In lecture we discussed hashing and hashing functions. Your assignment will be to write you own, completely original, hashing function without any assistance from people or the web. The idea is simple. Design a loop that uses every char in the string to produce an integer that is unique to every string. That integer then determines where the key is stored into an array. Ideally, any 2 strings that are not ! .equals() to each other should hash to a different integer value. In practice this is impossible - at least no one knows a perfect hashing function that does not blow up on even small string lengths. As a result the best we can do is write a function that distributes the keys uniformly over a limited number of integers. An example of an optimal function is a follows: You have 1 million keys to hash, they map to into a range of array indices [0..999,9999] and there are exactly 10 words per integer in array[1..999,99990]. In this case we say the array has 100,000 buckets and each bucket has the same number of keys: 10. The hash function has done the best possible job of distributing K keys into N buckets since each bucket contains K/N keys. this is perfect/ideal hasing function because it divided up the keys perfectly into the buckets.

The zip files in this directory are your inputs. You will hand in MyHashCode.java

SCRIPT GRADER CURRENTLY USING THE 50 MILLION WORD FILE.

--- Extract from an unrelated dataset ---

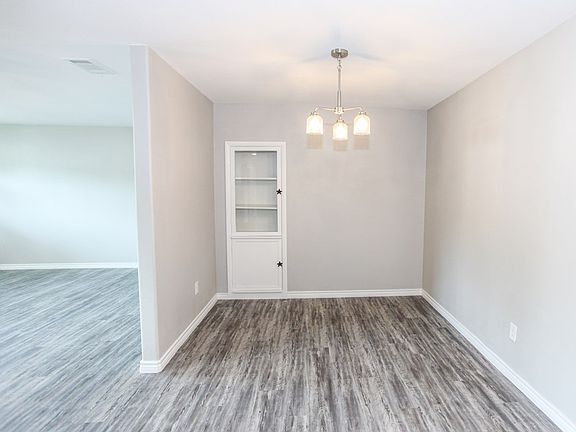 5th image of 501 Circle Dr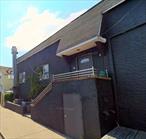 Long Beach: fully renovated upper 2 BR 1 Bath Apt - large space - LVR - Kitchen - no pets - 1 months security. The apartment is located above the restaurant. Please use google to locate the apt before requesting to see it.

Execute your Tester using this pattern: java HashCodeTester 10,000 15 172822Words.txt

    The first cmd arg represents the number of buckets i.e. the array length. (USE COMMAS FOR CLARITY)
    The second is the ideal bucket size.
    The third is the input file of strings. This file had better contain at least args[0] * args[1] words in it

Depending on the numbers you enter, the tester might not need to read all the keys from the file. That's OK.

In the above sample execution the tester defines a MyHashCode object then calls .add() 10,000 x 15 times. The hash set object does not actually store the keys, it just increments the counters for each bucket. After the hashing is done, some stats are printed which indicate how evenly the keys were distributed among the buckets.